### WORK TASK
Any picture must be dropped, but each line of the data should be duplicated exactly.

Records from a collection

# # # # #

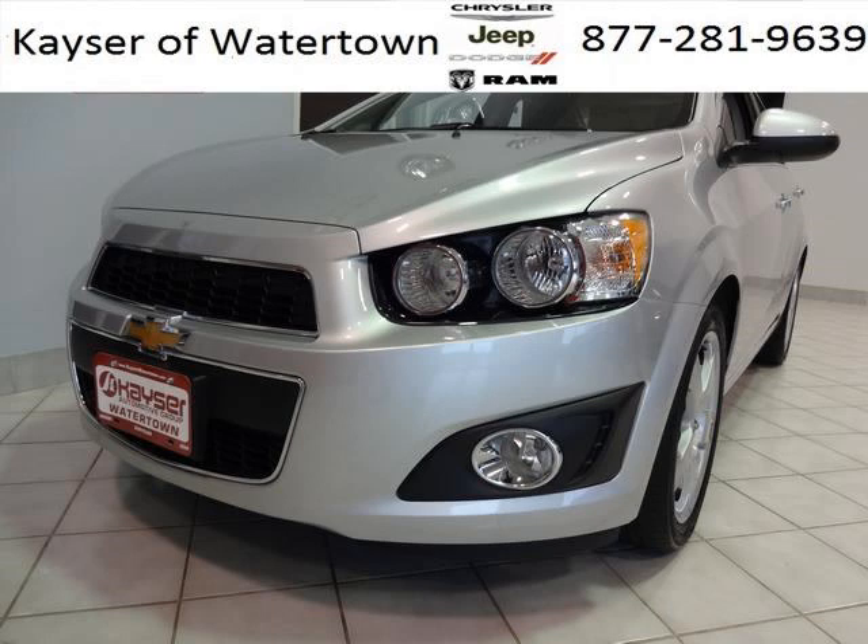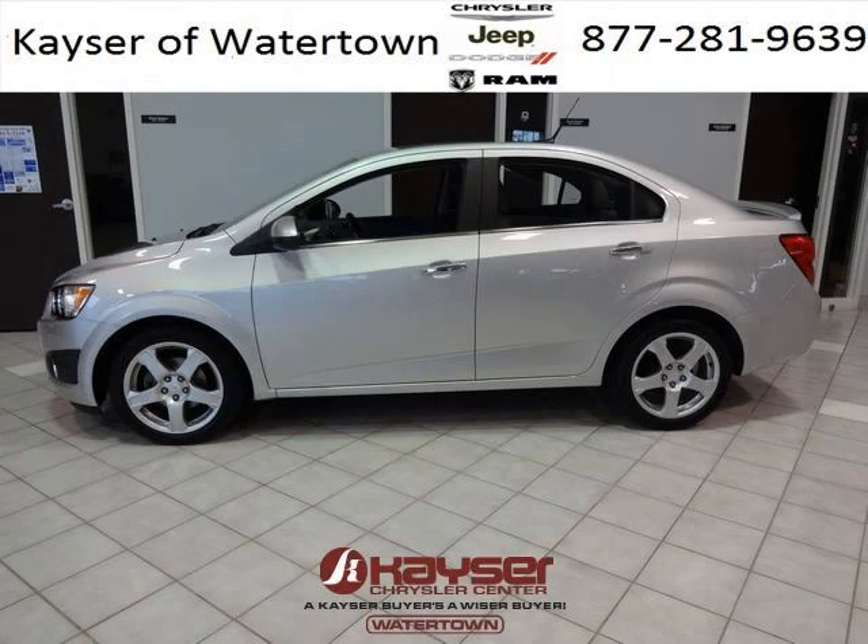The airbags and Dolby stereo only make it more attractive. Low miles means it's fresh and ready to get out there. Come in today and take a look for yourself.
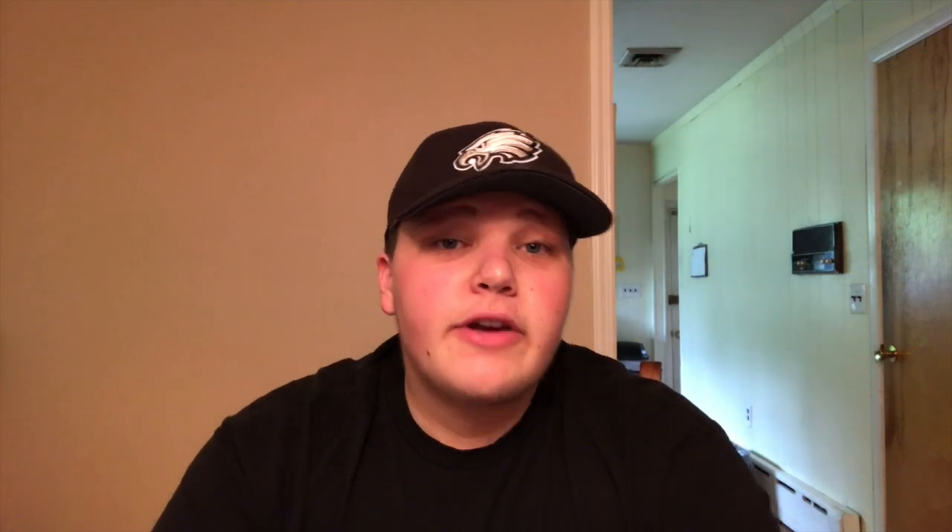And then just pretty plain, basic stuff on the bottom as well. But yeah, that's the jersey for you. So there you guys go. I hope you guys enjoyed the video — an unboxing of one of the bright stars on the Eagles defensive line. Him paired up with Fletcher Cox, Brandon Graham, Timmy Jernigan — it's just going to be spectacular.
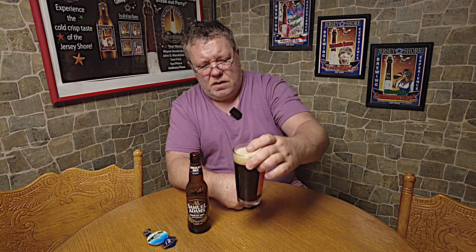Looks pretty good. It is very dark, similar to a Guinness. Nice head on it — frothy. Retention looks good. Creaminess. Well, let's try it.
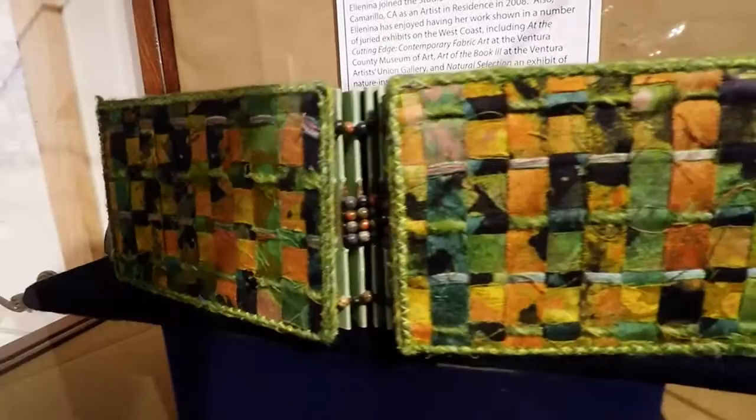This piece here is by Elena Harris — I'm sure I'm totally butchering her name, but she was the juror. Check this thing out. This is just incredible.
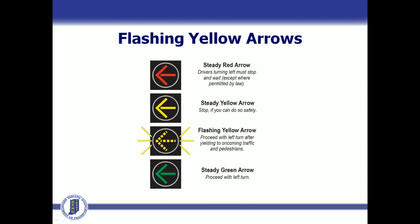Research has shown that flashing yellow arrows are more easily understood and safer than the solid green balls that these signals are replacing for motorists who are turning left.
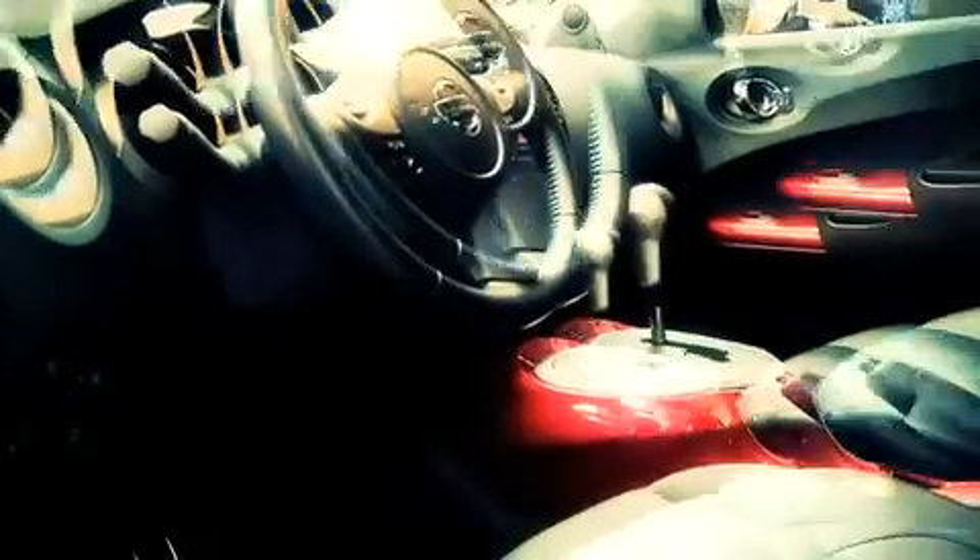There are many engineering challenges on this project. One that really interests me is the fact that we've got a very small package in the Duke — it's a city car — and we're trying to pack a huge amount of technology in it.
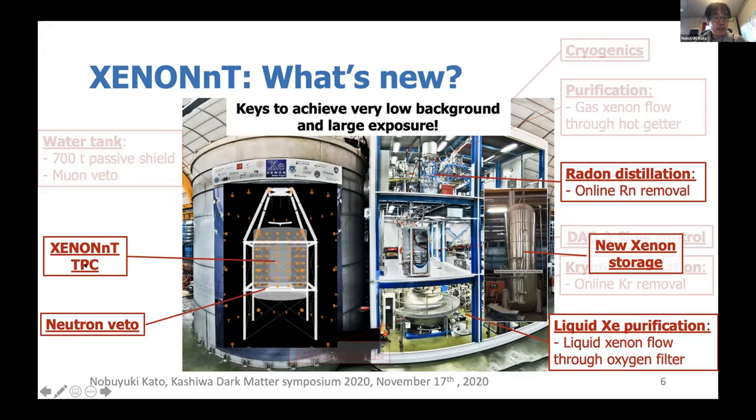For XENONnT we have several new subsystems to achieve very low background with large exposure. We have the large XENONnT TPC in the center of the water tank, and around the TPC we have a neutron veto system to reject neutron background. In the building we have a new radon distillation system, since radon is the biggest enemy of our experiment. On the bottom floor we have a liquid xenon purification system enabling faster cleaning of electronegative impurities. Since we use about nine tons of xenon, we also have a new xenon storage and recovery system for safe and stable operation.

# # # # #

### TASK ANSWER
The airbags and Dolby stereo only make it more attractive. Low miles means it's fresh and ready to get out there. Come in today and take a look for yourself.
And then just pretty plain, basic stuff on the bottom as well. But yeah, that's the jersey for you. So there you guys go. I hope you guys enjoyed the video — an unboxing of one of the bright stars on the Eagles defensive line. Him paired up with Fletcher Cox, Brandon Graham, Timmy Jernigan — it's just going to be spectacular.
Looks pretty good. It is very dark, similar to a Guinness. Nice head on it — frothy. Retention looks good. Creaminess. Well, let's try it.
This piece here is by Elena Harris — I'm sure I'm totally butchering her name, but she was the juror. Check this thing out. This is just incredible.
Research has shown that flashing yellow arrows are more easily understood and safer than the solid green balls that these signals are replacing for motorists who are turning left.
There are many engineering challenges on this project. One that really interests me is the fact that we've got a very small package in the Duke — it's a city car — and we're trying to pack a huge amount of technology in it.
For XENONnT we have several new subsystems to achieve very low background with large exposure. We have the large XENONnT TPC in the center of the water tank, and around the TPC we have a neutron veto system to reject neutron background. In the building we have a new radon distillation system, since radon is the biggest enemy of our experiment. On the bottom floor we have a liquid xenon purification system enabling faster cleaning of electronegative impurities. Since we use about nine tons of xenon, we also have a new xenon storage and recovery system for safe and stable operation.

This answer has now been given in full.